The judge set bail at $32,000 for Cashmore and scheduled him for a preliminary hearing Oct. 4 -- the same bail and date he set Thursday for another co-defendant in the case, Michael McClinton, 50, of Las Vegas.

"I do have to differentiate between the, now, six defendants in this case in determining bail," said Bonaventure, who set bail at $125,000 for Simpson on Wednesday.

Another co-defendant, Clarence Stewart, 53, of Las Vegas, was freed Monday on $78,000 bail after surrendering to police and turning over some of the items taken in the Sept. 13 encounter.

"They all have different ties to the community," the judge said. "They all have different involvements in the allegations here. However, what's common here is that they are all facing very serious charges."

Walter Alexander, 46, of Mesa, Ariz., was freed Sept. 15 without bail after he was arrested on his way to the airport and provided statements about the case to investigators, police said.

Ehrlich's lawyer characterized Ehrlich as an "acquaintance" of Simpson's and said his part in the alleged theft was "a non-role."

Ehrlich is a real estate salesman and developer who before 1990 served probation on a trafficking in a controlled substance charge in another state, Moran said. He declined to provide details.

Moran characterized Ehrlich as "dumbfounded" to see newspaper photos showing him and Cashmore carrying items out of the Palace Station hotel-casino.
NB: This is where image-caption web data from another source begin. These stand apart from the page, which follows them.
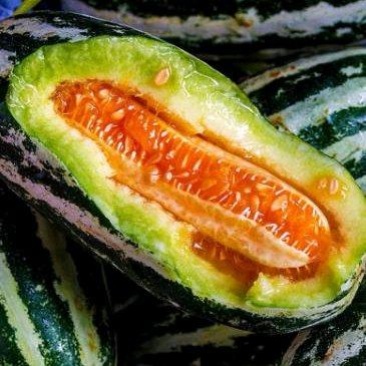 陕西博洋九号甜瓜，优质博洋九号甜瓜，精品博洋九号甜瓜
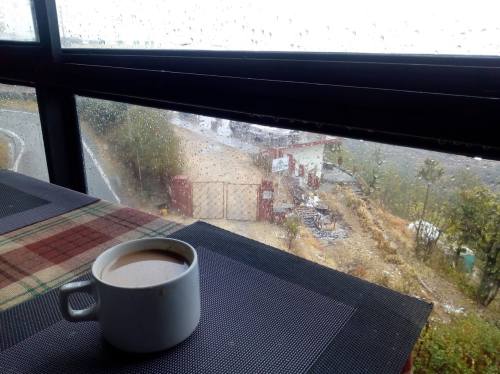 cup of tea near a window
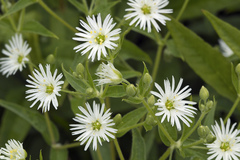 Stellaria radians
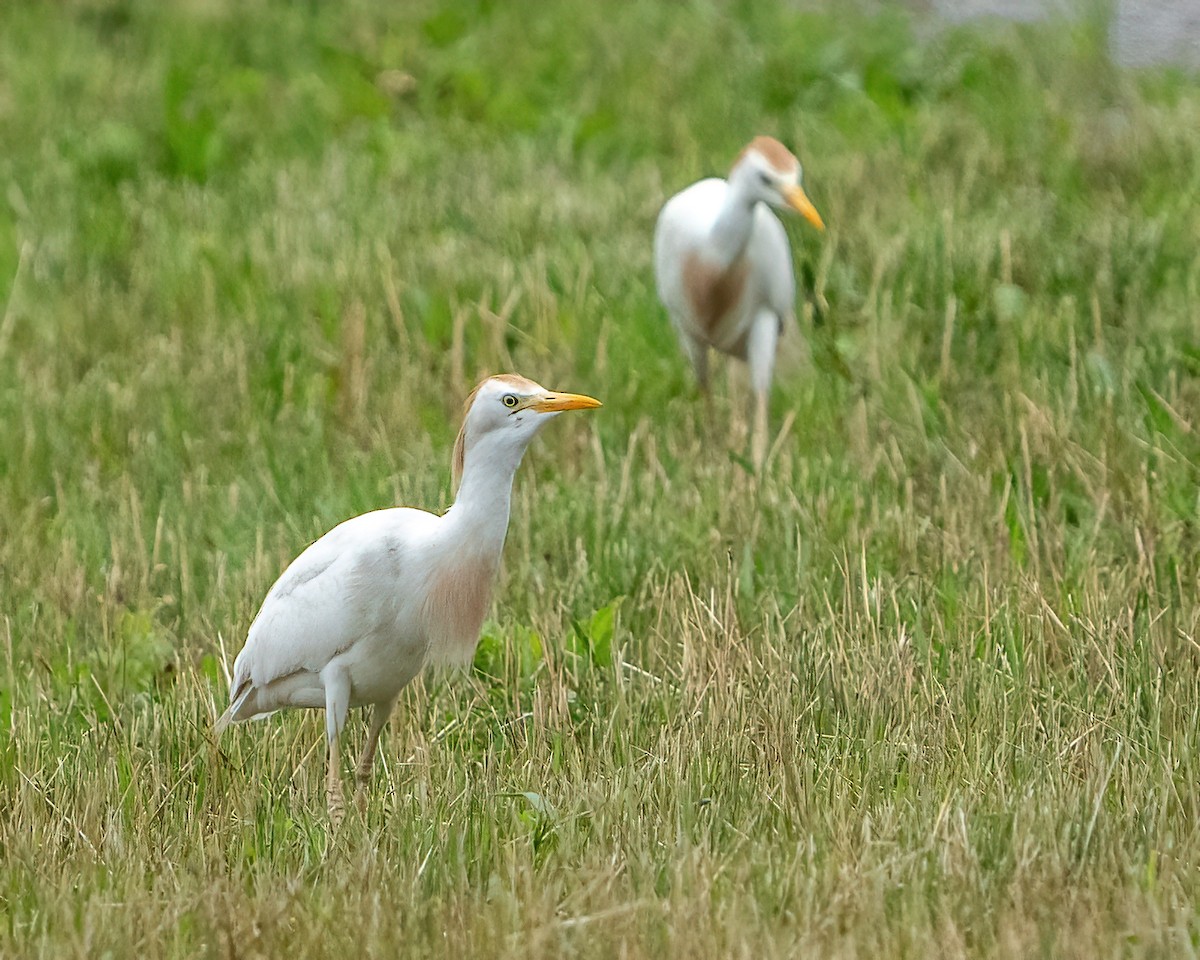 Western Cattle Egret - Scott and Jennifer Russom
The photos, drawn from casino surveillance videotapes, were released by Las Vegas police.

Prosecutors accuse Simpson of leading the five men as they burst into a hotel room at a Las Vegas casino, displayed guns, and stole autographed footballs and other collectible items.

Simpson, 60, flew home to Miami after spending three nights in a Las Vegas jail.
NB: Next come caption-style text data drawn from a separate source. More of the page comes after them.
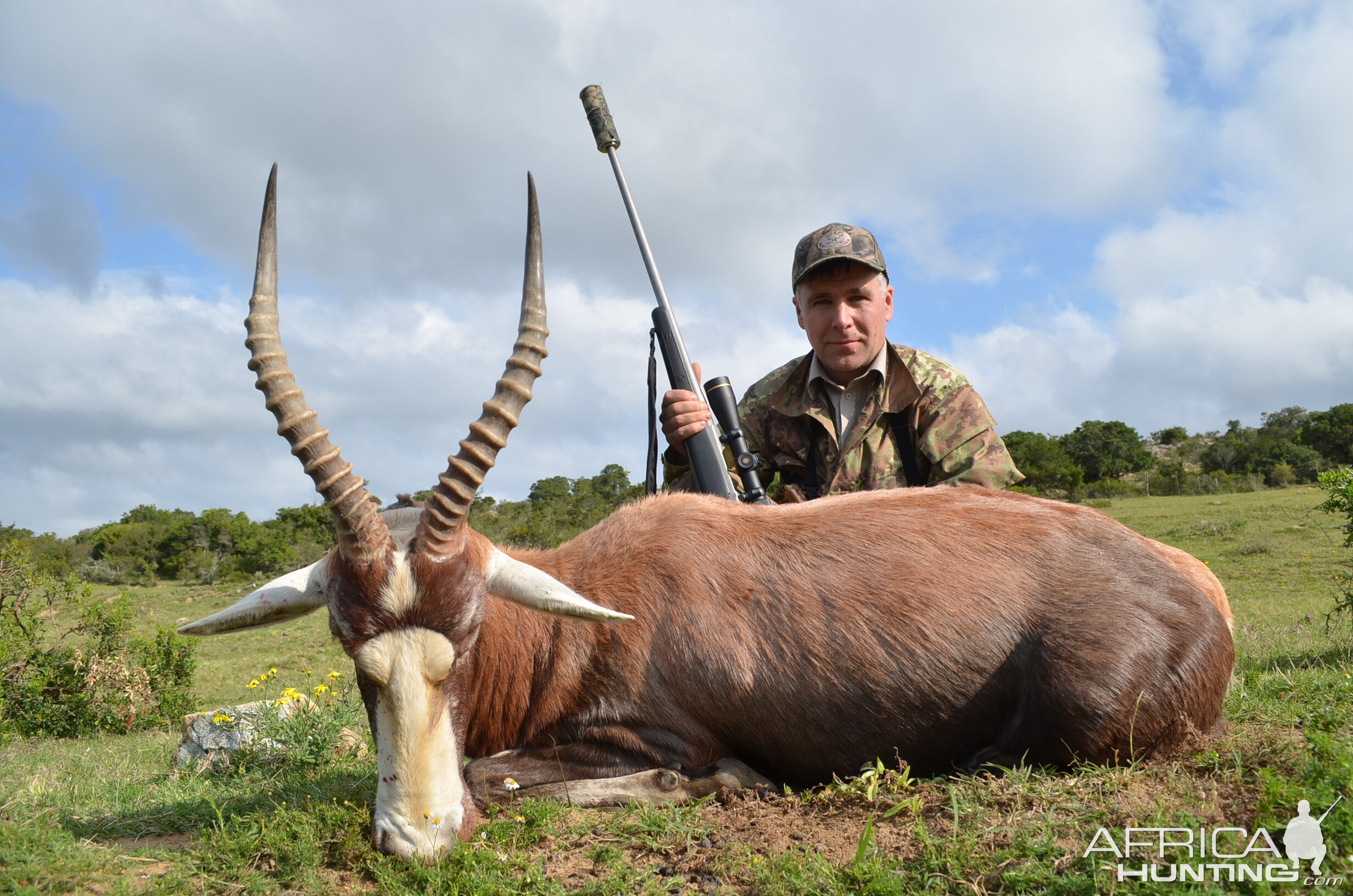 Blesbok Hunting South Africa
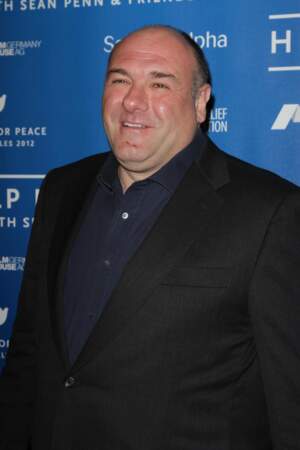 James Gandolfini, interprète de Tony Soprano, est décédé en 2013.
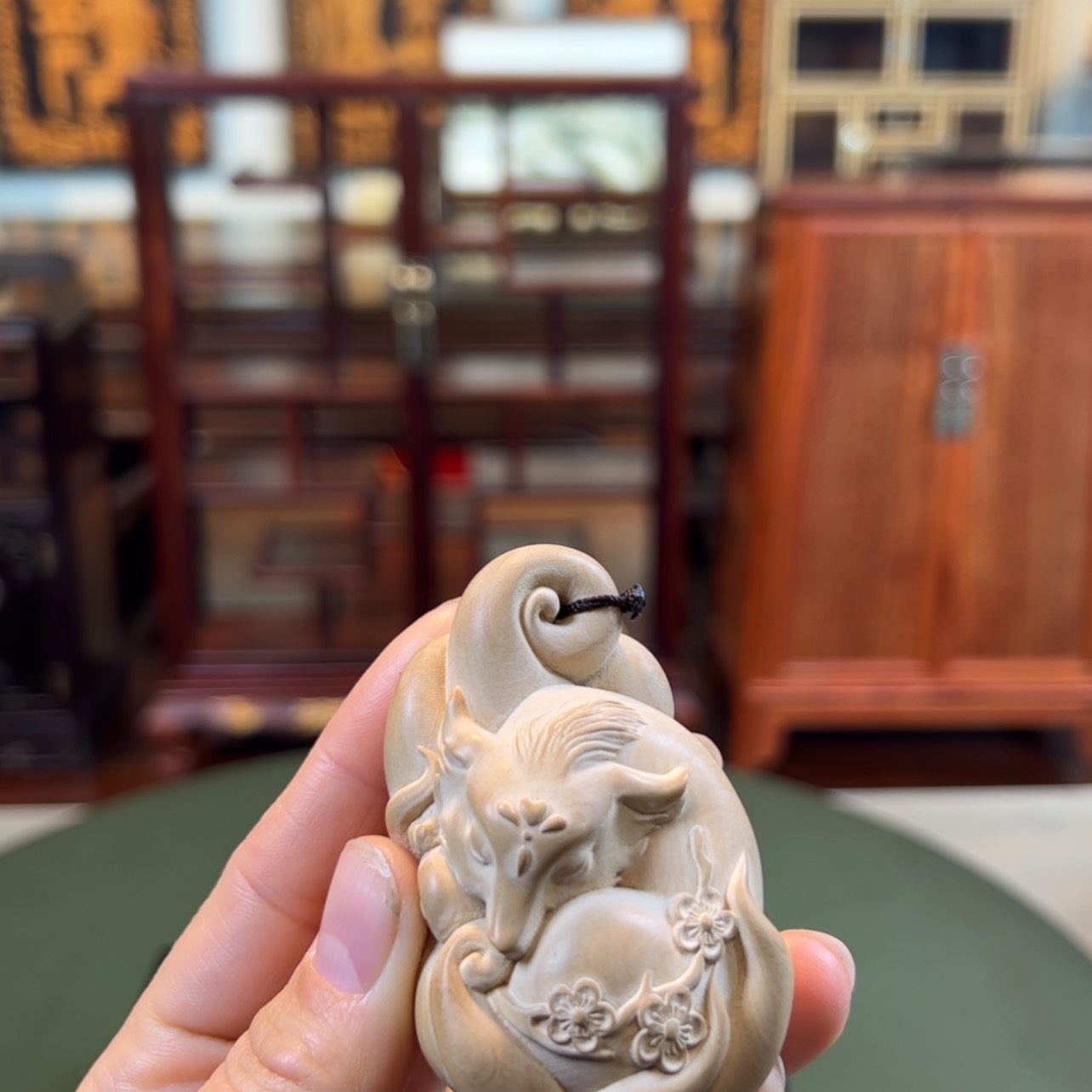 【闪购商品】黄杨木其他黄杨木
Alexander has called the encounter between Simpson and memorabilia dealers Alfred Beardsley and Bruce Fromong a "setup" arranged by a go-between, Tom Riccio, a California memorabilia dealer. Riccio has denied that allegation.

Beardsley, 46, an ex-convict from Burbank, Calif., was arrested Wednesday and was jailed pending his return to custody in California to face a parole violation on a stalking conviction.

Fromong, 53, is recovering in a Los Angeles hospital after suffering a heart attack Monday.